> [TASK STATEMENT]: Starting with the line that has "May include: A" and finishing with the line that has "A group of Gardeco", set down each line below exactly. Pictures are not copied.

> [MATERIALS PROVIDED]:
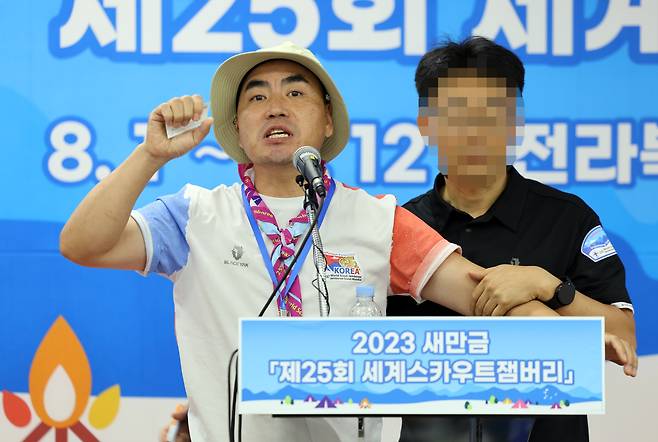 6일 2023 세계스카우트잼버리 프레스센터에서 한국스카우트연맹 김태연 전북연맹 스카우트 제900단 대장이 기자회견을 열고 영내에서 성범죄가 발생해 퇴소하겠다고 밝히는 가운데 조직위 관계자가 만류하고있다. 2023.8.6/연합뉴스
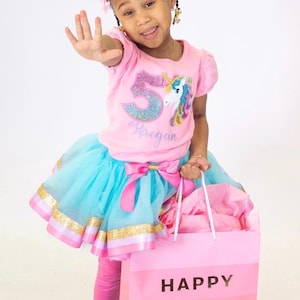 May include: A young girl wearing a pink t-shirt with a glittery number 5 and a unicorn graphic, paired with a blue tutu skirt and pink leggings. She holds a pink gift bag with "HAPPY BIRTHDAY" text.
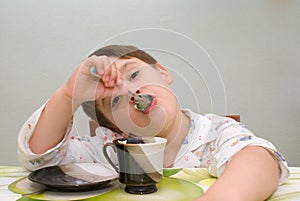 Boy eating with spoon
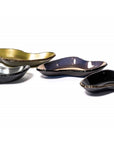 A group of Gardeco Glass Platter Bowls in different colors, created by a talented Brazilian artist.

---

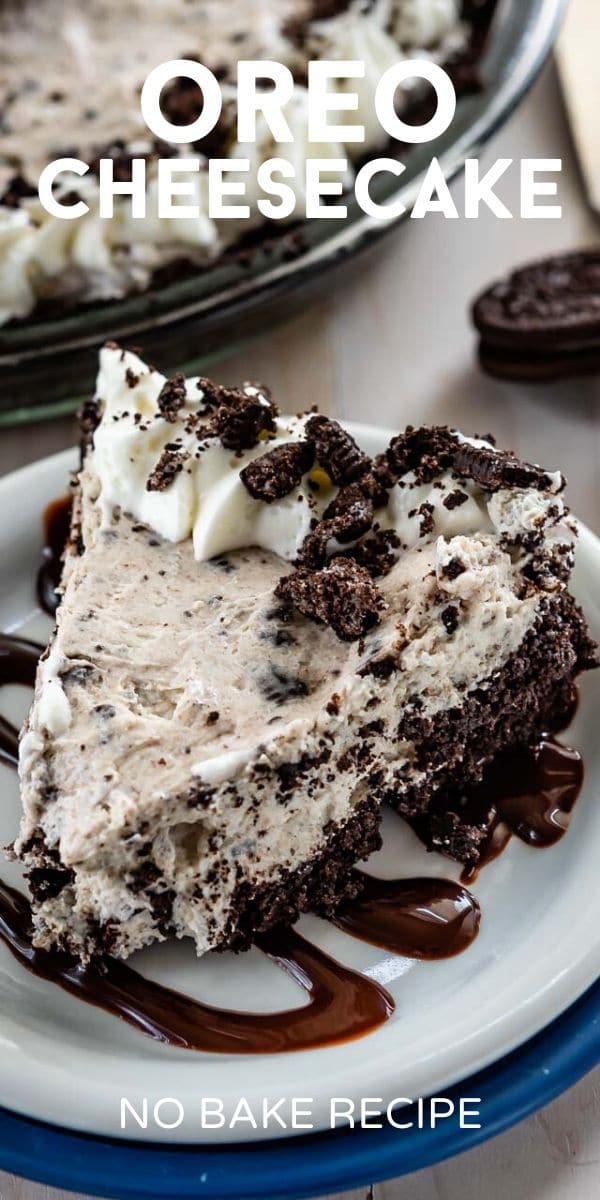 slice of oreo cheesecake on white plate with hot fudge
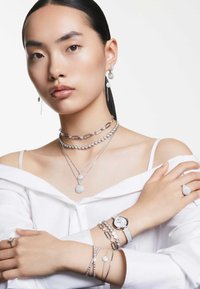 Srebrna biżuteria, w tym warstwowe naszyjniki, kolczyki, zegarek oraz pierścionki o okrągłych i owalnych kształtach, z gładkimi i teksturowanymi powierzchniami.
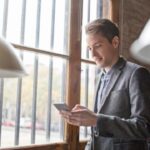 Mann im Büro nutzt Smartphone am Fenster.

> [SOLUTION FOR THIS EXERCISE]:
 May include: A young girl wearing a pink t-shirt with a glittery number 5 and a unicorn graphic, paired with a blue tutu skirt and pink leggings. She holds a pink gift bag with "HAPPY BIRTHDAY" text.
 Boy eating with spoon
 A group of Gardeco Glass Platter Bowls in different colors, created by a talented Brazilian artist.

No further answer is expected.